In questo contesto, il Papa ha specificato: “Purtroppo oggi gli investimenti più redditizi risultano essere quelli nelle fabbriche di armi”. Questa dichiarazione porta alla luce una delle più grandi contraddizioni del nostro tempo: la ricerca del profitto attraverso strumenti di morte. Non solo il capo della Chiesa cattolica ha messo in guardia contro queste macabre speculazioni economiche, ma ha anche categorizzato tale guadagno come “terribile”, enfatizzando l’incongruenza morale di conseguire ricchezza attraverso i meccanismi della guerra e della violenza.

Il discorso di Papa Francesco non è estraneo ai palazzi del potere mondiale, dove le dinamiche della politica internazionale spesso si scontrano o si complicano proprio a causa degli interessi economici legati alle vendite di armamenti. In un’epoca in cui la diplomazia internazionale e le relazioni interstatali sono frequentemente intrecciate con gli scambi commerciali di materiale bellico, il messaggio del pontefice suona come un campanello d’allarme riguardo l’etica dell’economia globale.

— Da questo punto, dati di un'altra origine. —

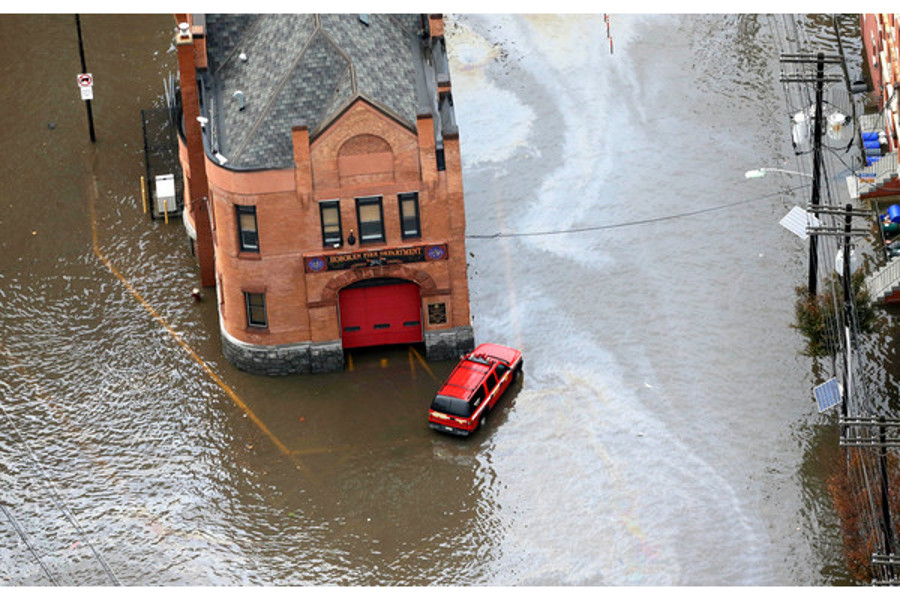 A firehouse is surrounded by floodwaters in the wake of superstorm Sandy in Hoboken, N.J. on Oct. 30.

Questi commenti si inseriscono in una narrazione più ampia, una voce che da anni il Vaticano solleva in difesa della pace e del diritto dei popoli di vivere in un mondo senza guerra. Chiedere la pace, sottolinea Papa Francesco, equivale a promuovere una “vera pace”, non semplicemente l’assenza di guerra, ma una pace costruita sulla giustizia, sull’eguaglianza e sul rispetto reciproco tra le nazioni.

In conclusione, attraverso queste riflessioni, Papa Francesco non solo conferma il suo impegno a difesa dei più fragili e delle regioni più turbolente del pianeta, ma pone anche le basi per un dialogo critico su come le pratiche economiche possano e debbano allinearsi a principi di giustizia umana e sociale più ampi. L’appello del Papa alla conversione delle attività economiche in iniziative che promuovono la vita e non la morte, risuona come un imperativo morale che chiama in causa ogni livello della società, dal singolo individuo alle grandi potenze mondiali.